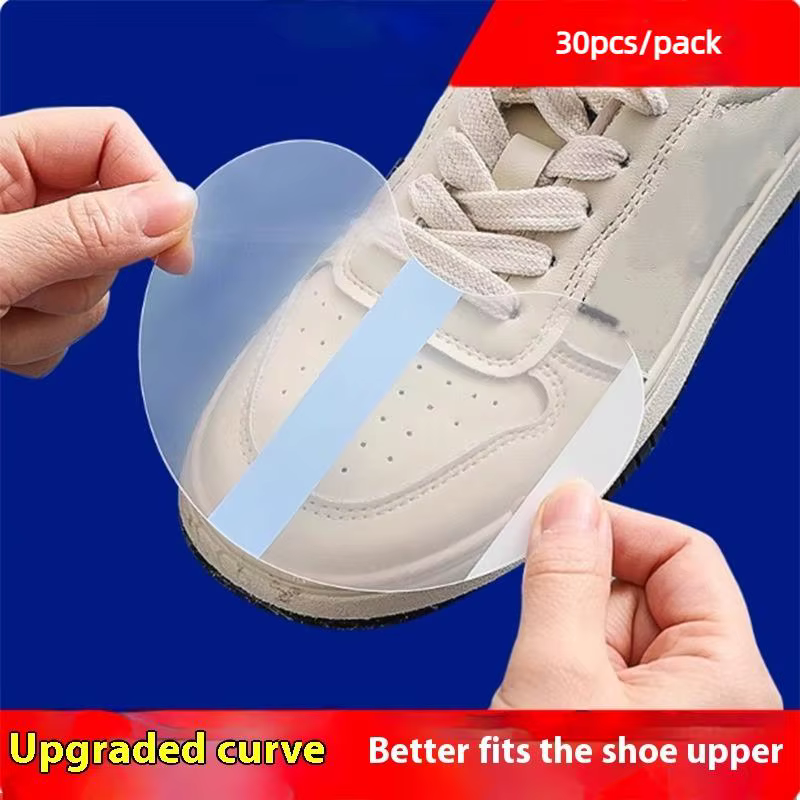 30/90 pièces chaussures orteil pluie autocollants Films clairs tête de chaussure élimination des taches résistant à
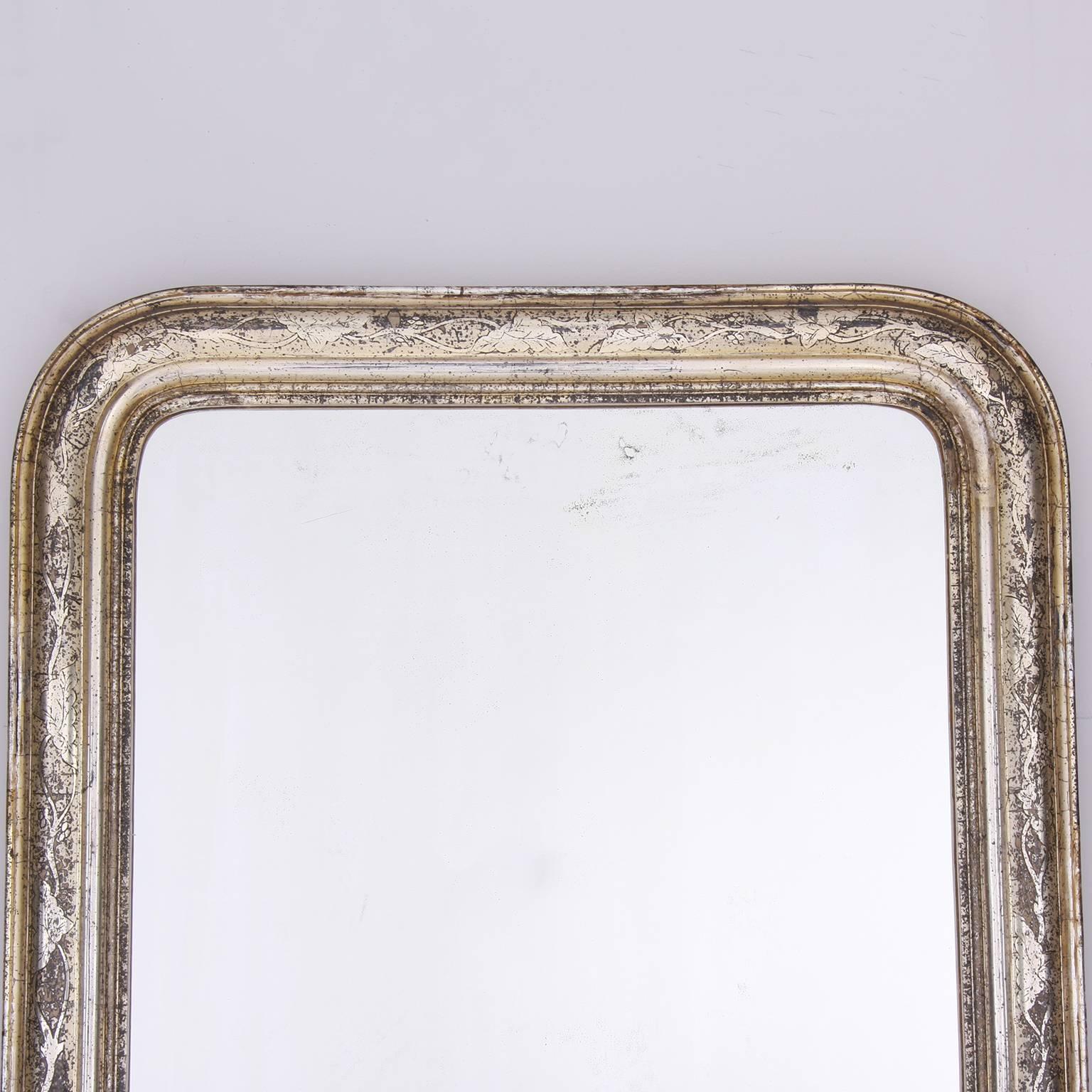 19th Century Louis Philipe Overmantel Mirror, French, circa 1900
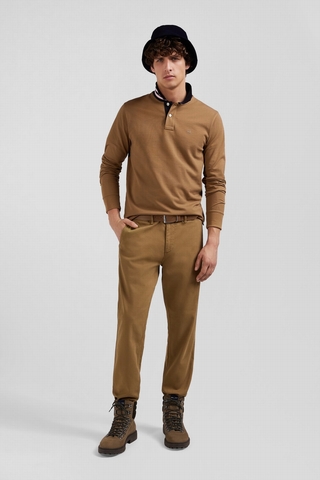 PANTALON CHINO EN PIQUÉ EDEN-PARK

☆ ☆ ☆

Task instructions —
Set down the data again, exactly, without images.

Solution below —
 30/90 pièces chaussures orteil pluie autocollants Films clairs tête de chaussure élimination des taches résistant à
 19th Century Louis Philipe Overmantel Mirror, French, circa 1900
 PANTALON CHINO EN PIQUÉ EDEN-PARK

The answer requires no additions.